Array Handling¶
Arrays are processed according to the array_mode configuration parameter.
Array Modes¶
SMART Mode (Default)¶
Processes arrays based on content type:
import transmog as tm
data = {
"product": {
"name": "Laptop",
"tags": ["electronics", "computers"], # Simple array - kept as native
"reviews": [ # Complex array - extracted to child table
{"rating": 5, "comment": "Excellent"},
{"rating": 4, "comment": "Good value"}
]
}
}
result = tm.flatten(data, name="products")
print(result.main)
# [
# {
# 'product_name': 'Laptop',
# 'product_tags': ['electronics', 'computers'], # Native array
# '_id': '...',
# '_timestamp': '...'
# }
# ]
print(result.tables["products_reviews"])
# [
# {'rating': 5, 'comment': 'Excellent', '_parent_id': '...', '_id': '...'},
# {'rating': 4, 'comment': 'Good value', '_parent_id': '...', '_id': '...'}
# ]
Simple arrays contain only primitive values (strings, numbers, booleans, null). Complex arrays contain objects or nested structures.
Tip
When to use SMART mode
Default choice for most use cases. Balances data normalization with simplicity by keeping simple lists inline while properly normalizing complex nested data.
SEPARATE Mode¶
Extract all arrays into child tables:
config = tm.TransmogConfig(array_mode=tm.ArrayMode.SEPARATE)
result = tm.flatten(data, name="products", config=config)
# All arrays become separate tables
print(result.tables.keys())
# ['products_tags', 'products_reviews']
Tip
When to use SEPARATE mode
Choose SEPARATE when:
Child records need to be queried independently
Building a fully normalized relational schema
Array items have their own identity or lifecycle
Performing analytics that aggregate across array items
INLINE Mode¶
Keep arrays as JSON strings:
config = tm.TransmogConfig(array_mode=tm.ArrayMode.INLINE)
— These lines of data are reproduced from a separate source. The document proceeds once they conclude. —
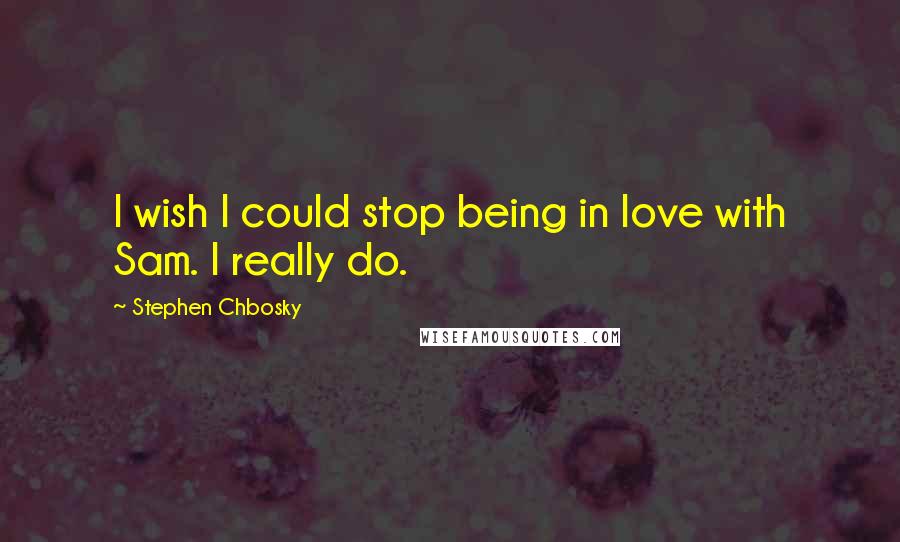 Stephen Chbosky Quotes: I wish I could stop being in love with Sam. I really do.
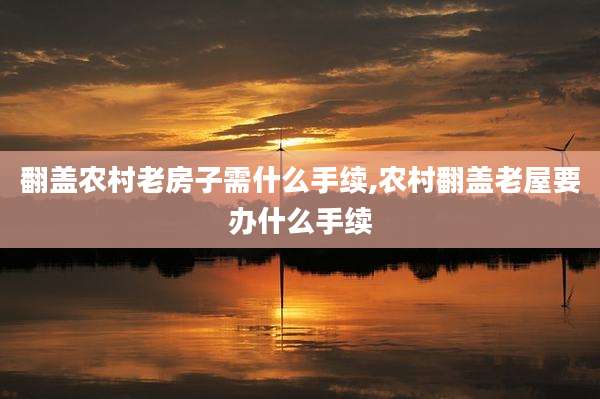 翻盖农村老房子需什么手续,农村翻盖老屋要办什么手续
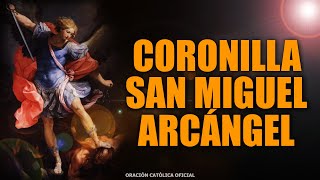 PODEROSA CORONILLA A SAN MIGUEL ARCANGELORACIÓN CATÓLICA2024 [upl. by Ynahpets]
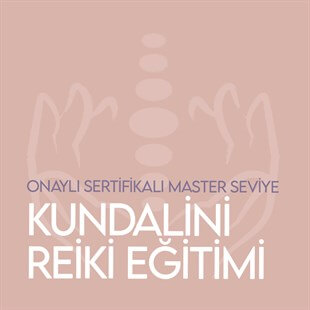Kundalini Reiki Eğitimi ve Uyumlanma (Master)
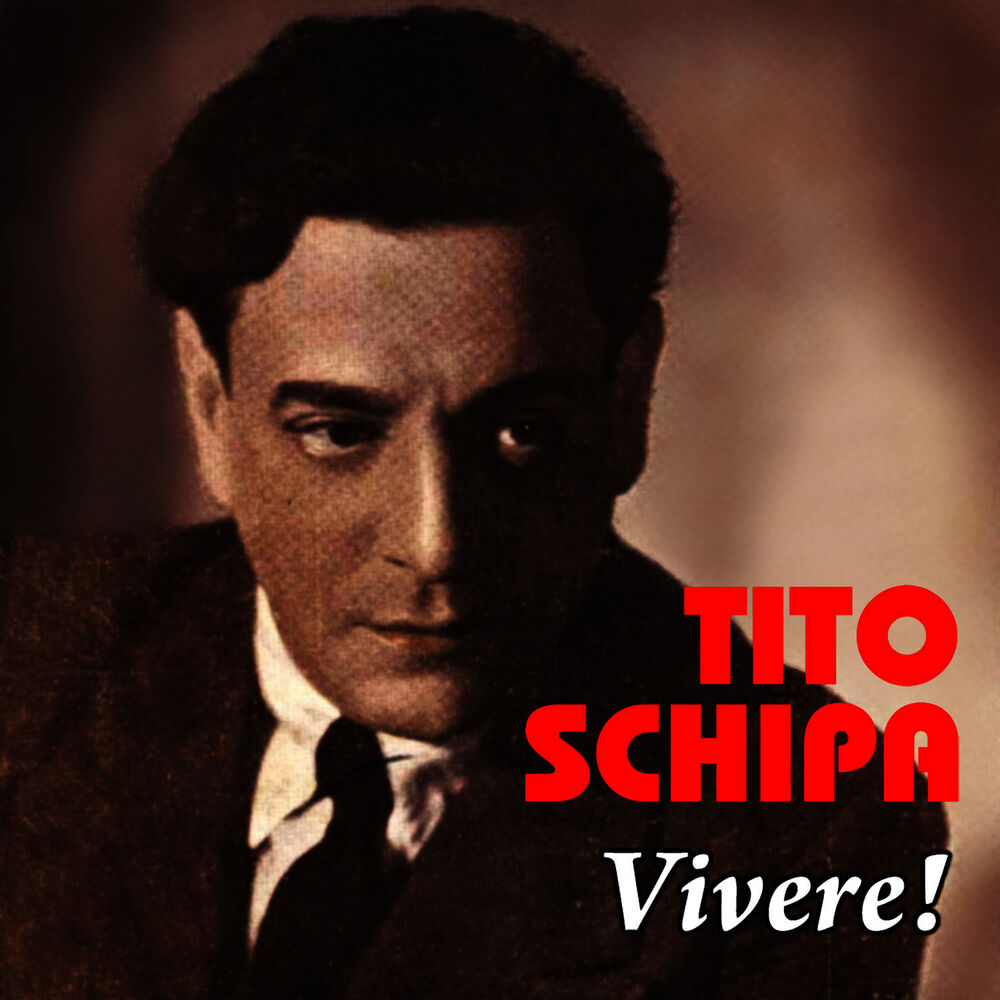 Picture of Tito Schipa... Vivere!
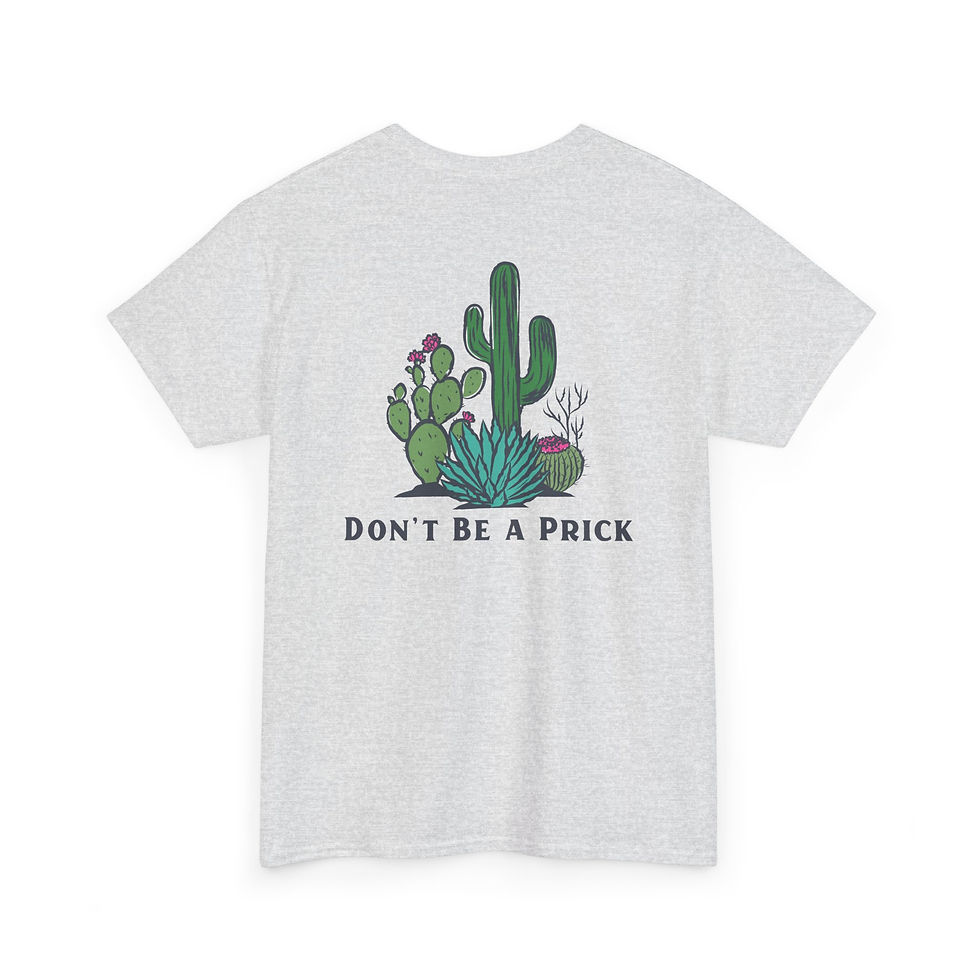 Thumbnail: 'Don't Be a Prick' Adventure-Themed Unisex Heavy Cotton Tee -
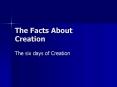 The Facts About Creation PowerPoint PPT Presentation
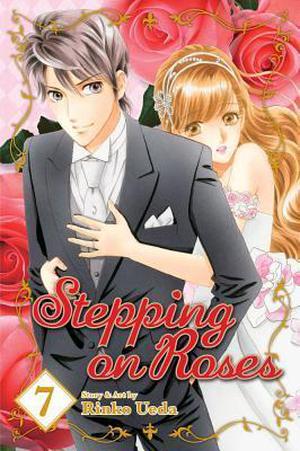 Stepping on Roses, Vol. 7 (Stepping On Roses #7)
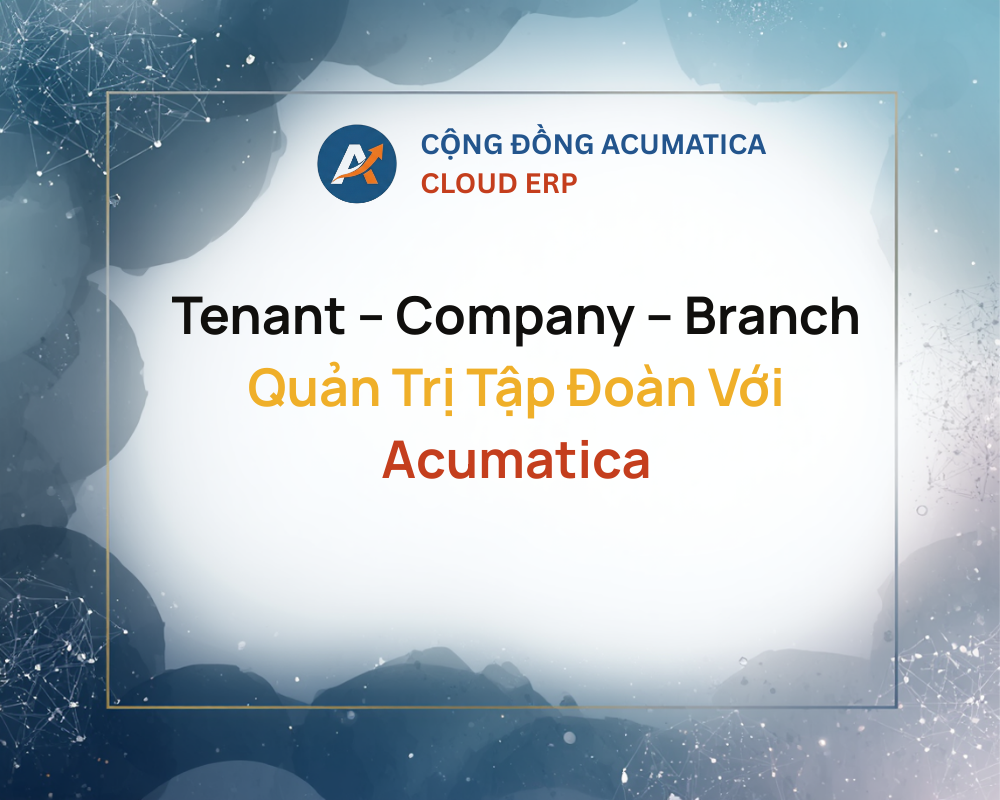 Tenant – Company – Branch Quản Trị Tập Đoàn Với Acumatica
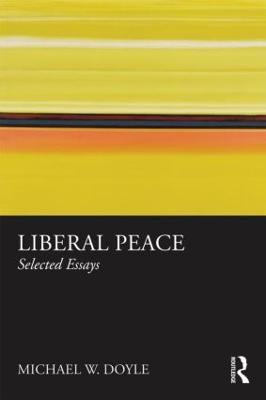 Liberal Peace: Selected Essays - Michael Doyle - cover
result = tm.flatten(data, name="products", config=config)
print(result.main)
# [
# {
# 'product_name': 'Laptop',
# 'product_tags': '["electronics", "computers"]',
# 'product_reviews': '[{"rating": 5, ...}]',
# '_id': '...'
# }
# ]
Tip
When to use INLINE mode
Choose INLINE when:
Arrays are treated as opaque blobs
Downstream systems parse JSON natively
Preserving exact array structure is important
Minimizing table count is a priority
SKIP Mode¶
Ignore arrays entirely:
config = tm.TransmogConfig(array_mode=tm.ArrayMode.SKIP)
result = tm.flatten(data, name="products", config=config)
# Only scalar fields are included
print(result.main)
# [{'product_name': 'Laptop', '_id': '...'}]
Tip
When to use SKIP mode
Choose SKIP when:
Arrays are not relevant to the analysis
Extracting only top-level scalar fields
Reducing output size by excluding nested data
Nested Arrays¶
Arrays can contain objects with nested arrays, creating multi-level hierarchies:
data = {
"company": "TechCorp",
"departments": [
{
"name": "Engineering",
"teams": [
{"name": "Frontend", "size": 5},
{"name": "Backend", "size": 8}
]
}
]
}
config = tm.TransmogConfig(array_mode=tm.ArrayMode.SEPARATE)
result = tm.flatten(data, name="company", config=config)
# Creates multi-level hierarchy
print(list(result.all_tables.keys()))
# ['company', 'company_departments', 'company_departments_teams']
Each level maintains parent-child relationships through _parent_id fields.